Differences between Data Mining and Process Mining:
- Data mining techniques are using multi-dimensional views (cubes ) on data which can be drilled up and down (in different aggregated levels levels). For example, a sale of a product could have the related dimensions: price, product category , customer , region, country , area, day, month, quarter , year, and so on and it is then possible to slice and look at the cube of data and aggregated data in various ways.

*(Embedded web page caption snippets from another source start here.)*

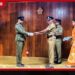 කාර්යක්ෂම රාජකාරි කළ  නුවරඑළියේ පොලිස් නිලධාරීන් 22කට මුදල් තෑගිනුවරඑළිය පොලිස් කොට්ඨාශයේ 2026 ජනවාරි සිට මැයි 31 දින දක්වා කාලය තුළ කාර්යක්ෂමව රාජකාරී ඉටු කළ පොලිස් නිලධාරීන් 22 දෙනෙකු සඳහා පොලිස් තෑගි අරමුදලින් මුදල් තෑගි පිරිනැමීමේ උත්සවයක් අගෝස්තු 06 වන දින මධ්‍යම පළාත් ජ්‍යෙෂ්ඨ නියෝජ්‍ය පොලිස්පති ලලිත් පතිනායක මහතාගේ ප්‍රධානත්වයෙන් නුවරඑළිය දිස්ත්‍රික් ලේකම් කාර්යාලයේ ආශ්චර්ය ශාලාවේදී පැවැත්විණි. රථවාහන පාලනය, මත්ද්‍රව්‍ය වැටලීම්, අපරාධකරුවන් අත්අඩංගුවට ගැනීම සහ අපරාධ වැළැක්වීම යන අංශවලින් විශිෂ්ට කාර්යක්ෂමතාවක් පෙන්නුම් කළ නුවරඑළිය පොලිස් කොට්ඨාශයට අයත් පොලිස් ස්ථාන 9ක නිලධාරීන්ට මෙලෙස තෑගි මුදල් පිරිනමන ලදී. නුවරඑළිය කොට්ඨාශභාර ජ්‍යෙෂ්ඨ පොලිස් අධිකාරි සමරකෝන් බණ්ඩර මහතාගේ සංවිධානයෙන් පැවති මෙම උත්සවය සඳහා නුවරඑළිය දිස්ත්‍රික් ලේකම් තුෂාරී තෙන්නකෝන්, නුවරඑළිය දිසාව භාර නියෝජ්‍ය පොලිස්පති ජගත් චන්ද්‍රකුමාර, හැටන් සහකාර පොලිස් අධිකාරි චන්දන බස්නායක ඇතුළු මහත්ම මහත්මීන් රැසක් සහභාගී වී සිටියහ.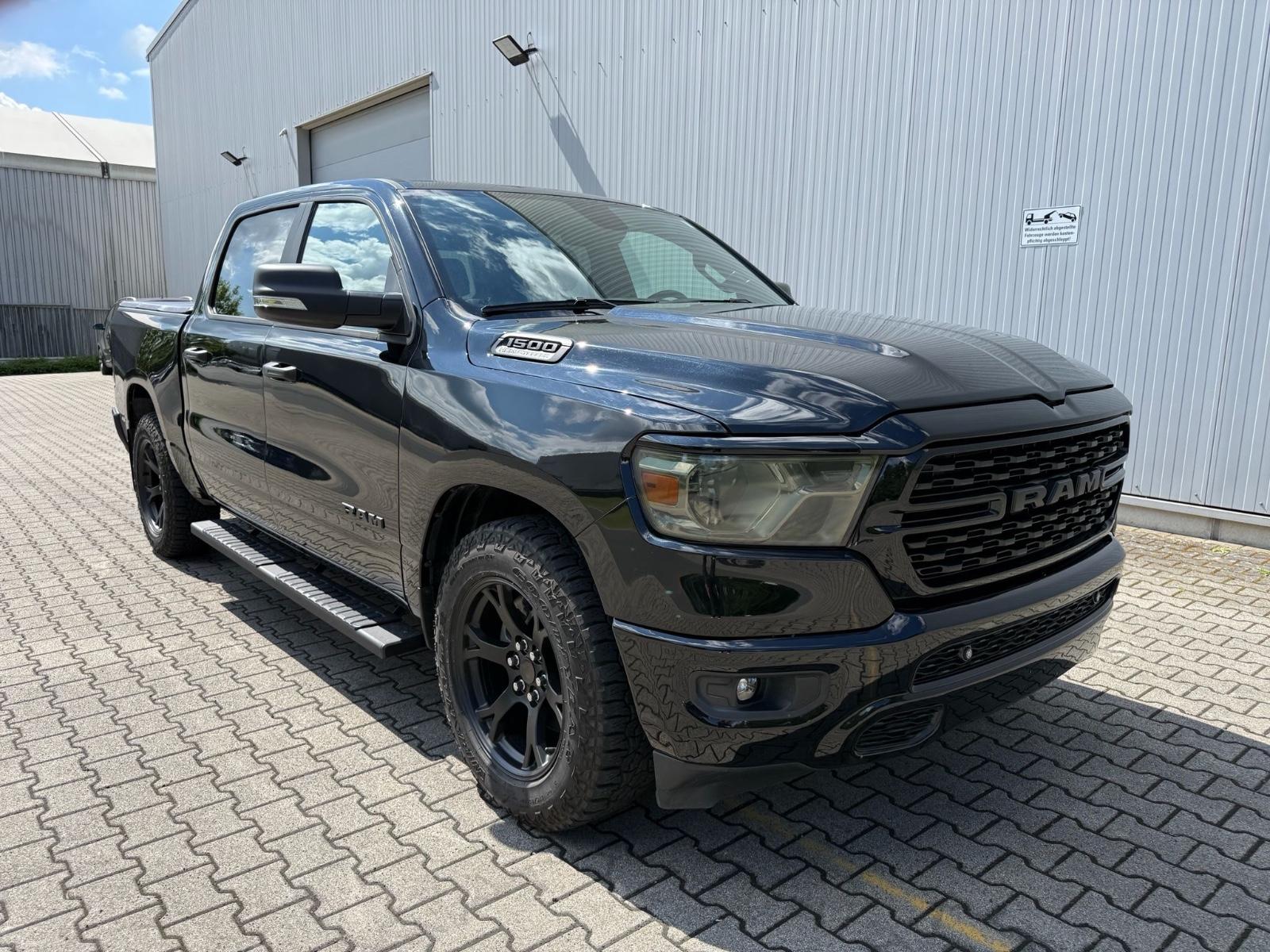 Dodge 5,7 LEDER CREWCAB 4x4 GAS LPG BIG HORN Night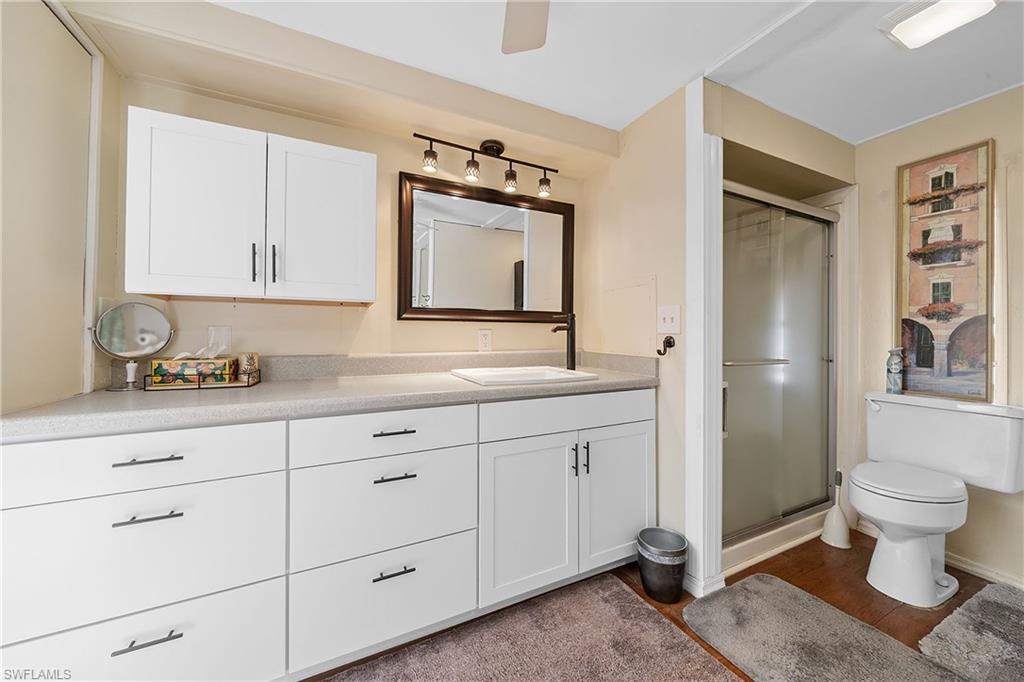 SIX LAKES COUNTRY CLUB - Residential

- Data mining techniques are primarily used to find patterns in large data sets. With data mining techniques it may be possible to find that certain categories of customers demand a certain product, or to find that the customers who most frequently buy product A are also the ones most often buying product B , or that the products placed on a specific location in the shop while running an advertising campaign, are also the ones that sell the best. I remember an English department store which, through data mining techniques, found out that the customers who shopped the most were also those most often buyingt a special Italian cheese that otherwise was not often sold. Traditionally retailers would try to remove products with very low turnover rates and replace them with products with better sales - the problem is that the removal of goods according to the principle could lead to the best customers having to look somewhere else (for the special Italian cheese).
- The input to data mining are tables with data
- Process mining is not used to find relationship data patterns, but rather to find process relationships in the data. Finding process relationships that provide an overview of processes and activities in the process, and deviations and process performance such as throughput , bottlenecks and discrepancies.
- Process mining's perspective is not on patterns in the data but in the processes the data represents.
- The goal of process mining is to find information about the business processes
- The input to the process mining analysis are event logs , audit trails , and data and events stamped in the IT systems.
Process Mining bridging data mining and big data, and business process management
Process mining is the " missing link" between data mining and traditional BPM ( Business Process Management ). Data mining provides valuable insights through analysis of data, but is generally not concerned about processes. This is where process mining comes into the picture and gives the opportunity to get the same benefits of data mining ,when working with processes and process improvements.
Process mapping can be done with mining techniques instead of brown -paper workshops and interviews. And the process performance analysis can be made on existing data mining techniques without first collecting data through work studies.